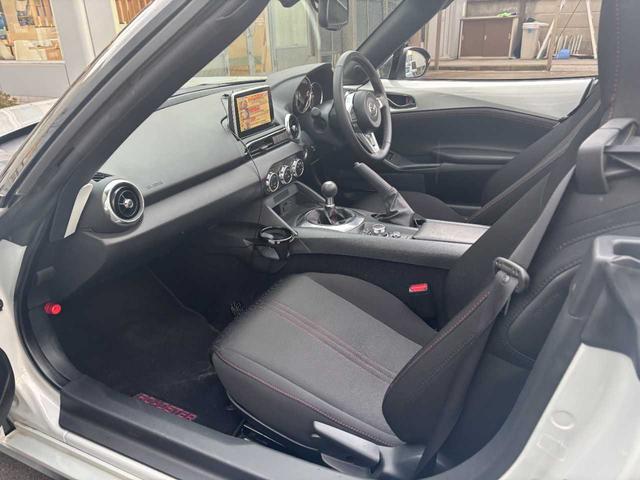 ロードスター Ｓスペシャルパッケージ　１オーナー／禁煙／ユーザー買取／６速ＭＴ／純正ナビ／フルセグＴＶ／バックカメラ／横滑り防止／純正１６インチアルミ／ＬＥＤ／スマートキー／プッシュスタート／Ｂｌｕｅｔｏｏｔｈ（17枚目）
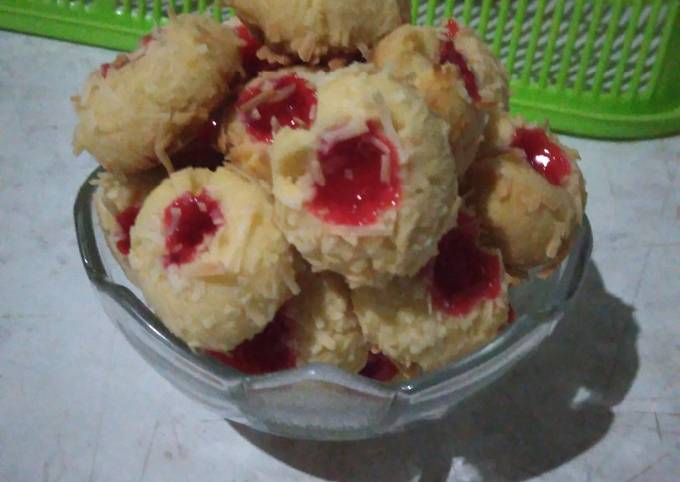 Crunchy Strawberry Cheese Thumbprint Cookies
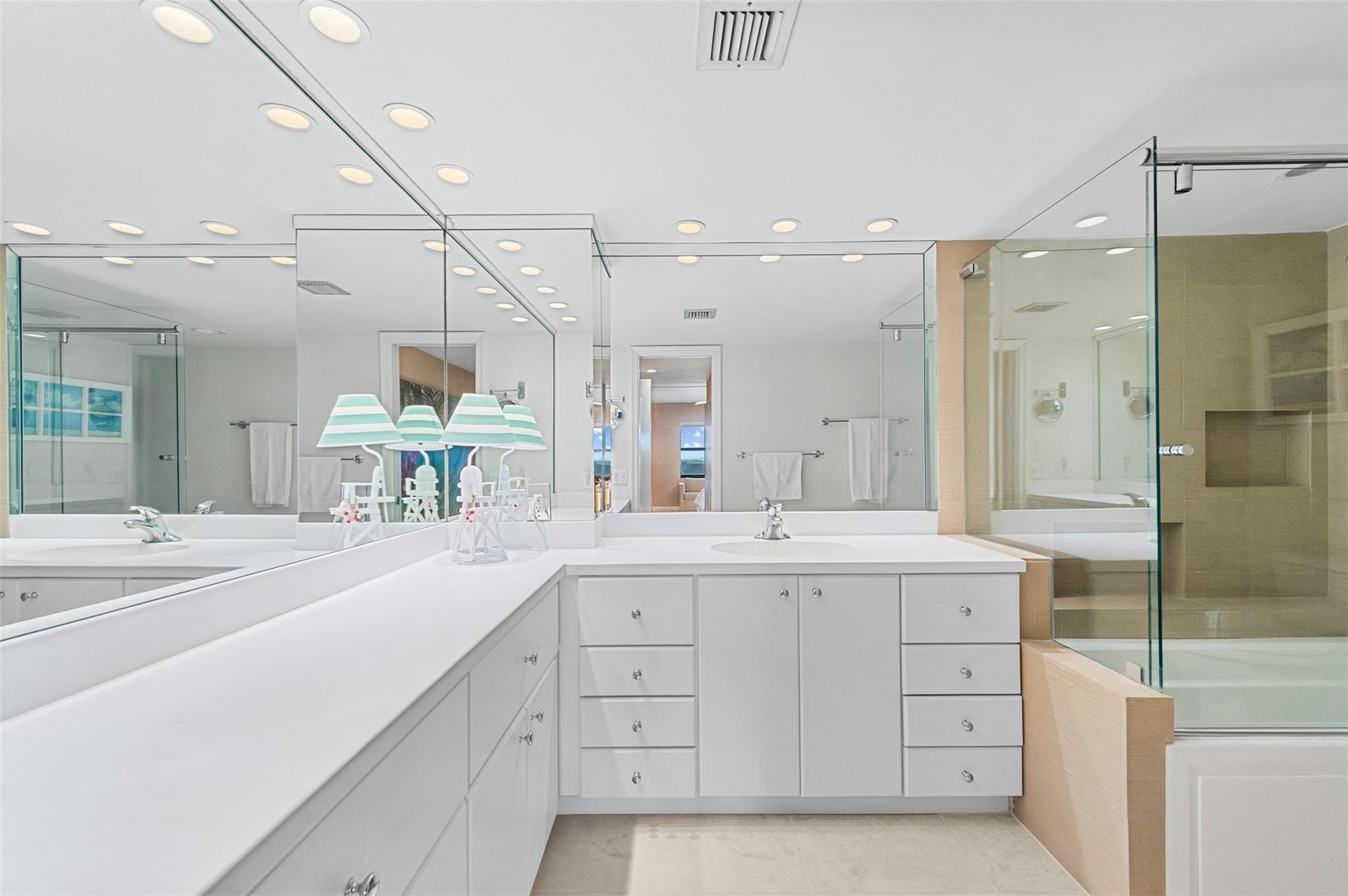 1905 N Ocean Blvd 14D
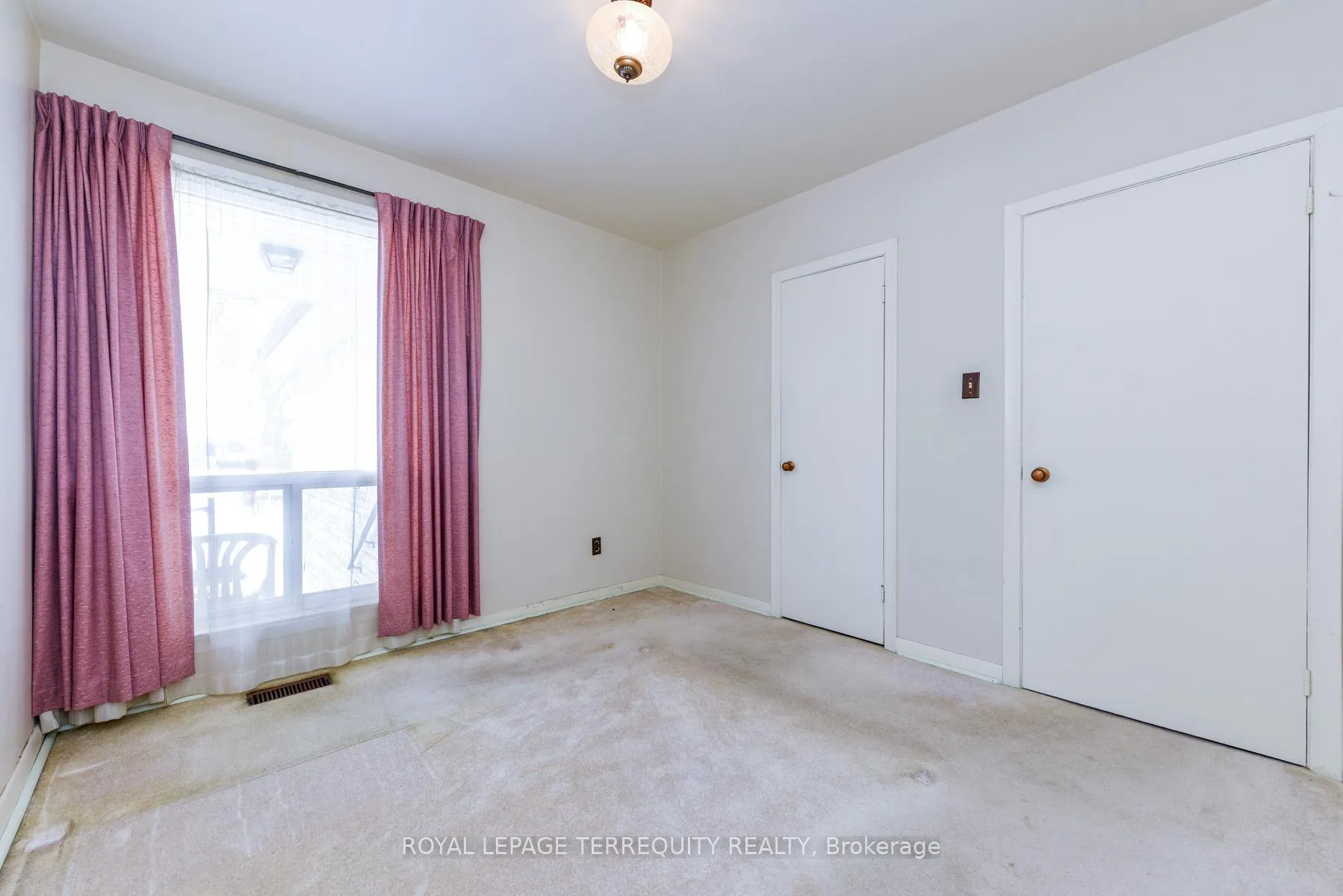Photo 40 of 55 Watercliffe Road, Etobicoke, Rexdale-Kipling — HOMEH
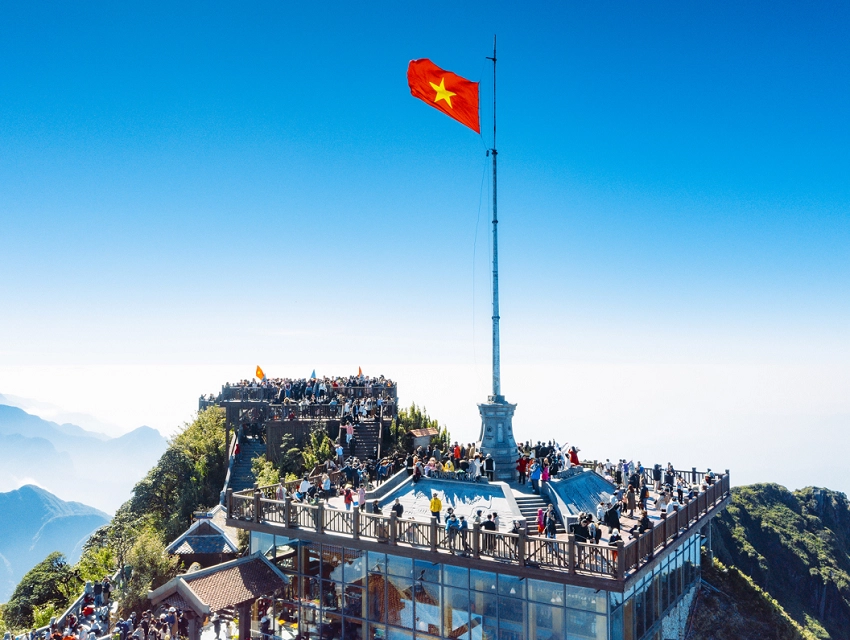 Hà Nội - 	Sapa - Fansipan - Hà Nội - Yên Tử - Hạ Long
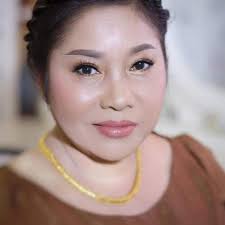 Cleo's Mediterranean Cuisine & Grocery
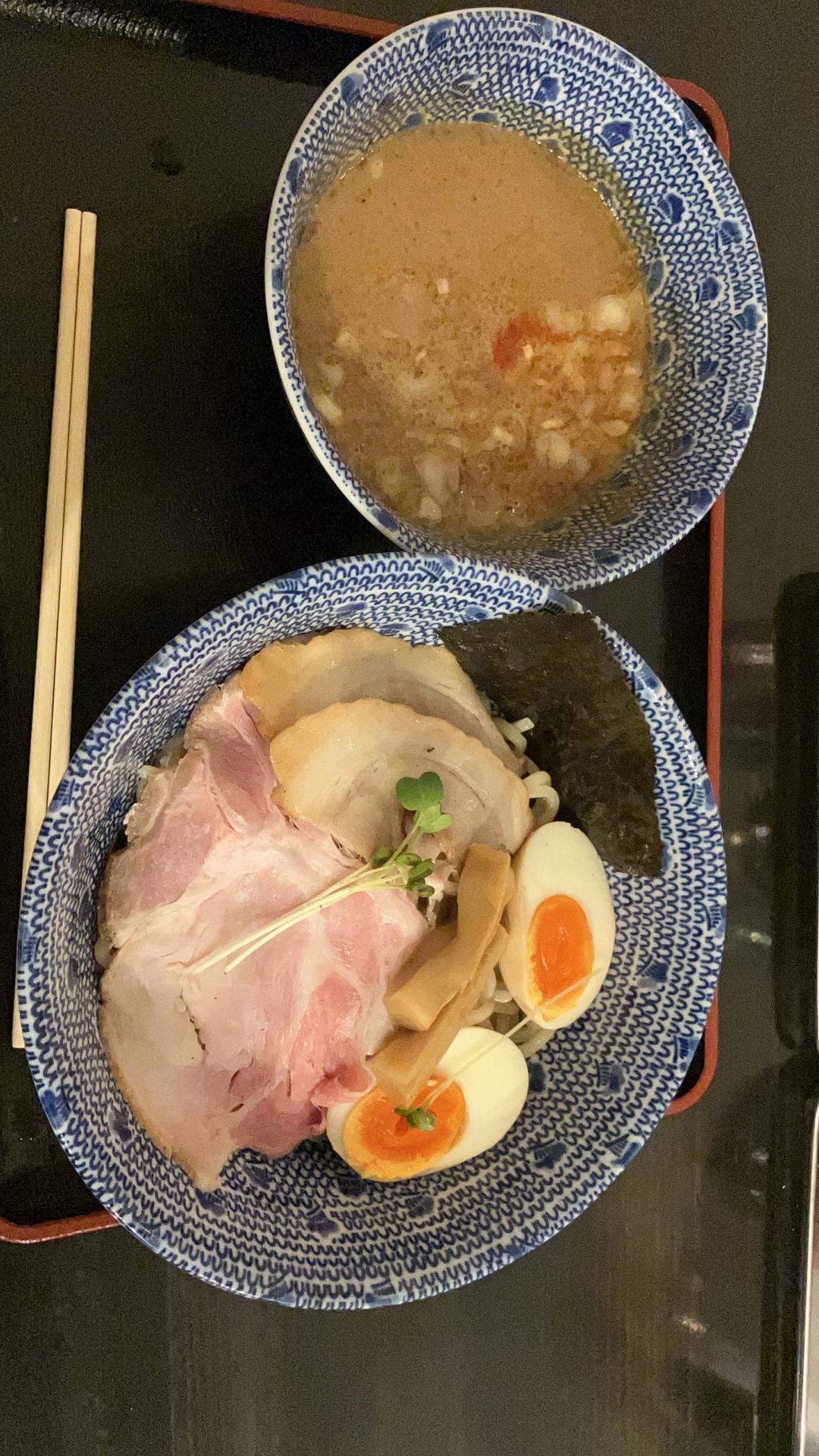 @えむ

================================

TASK ITEM
Copy the records shown above in their entirety and exactly; images are to be left out.

ANSWER SECTION
 ロードスター Ｓスペシャルパッケージ　１オーナー／禁煙／ユーザー買取／６速ＭＴ／純正ナビ／フルセグＴＶ／バックカメラ／横滑り防止／純正１６インチアルミ／ＬＥＤ／スマートキー／プッシュスタート／Ｂｌｕｅｔｏｏｔｈ（17枚目）
 Crunchy Strawberry Cheese Thumbprint Cookies
 1905 N Ocean Blvd 14D
Photo 40 of 55 Watercliffe Road, Etobicoke, Rexdale-Kipling — HOMEH
 Hà Nội - 	Sapa - Fansipan - Hà Nội - Yên Tử - Hạ Long
 Cleo's Mediterranean Cuisine & Grocery
 @えむ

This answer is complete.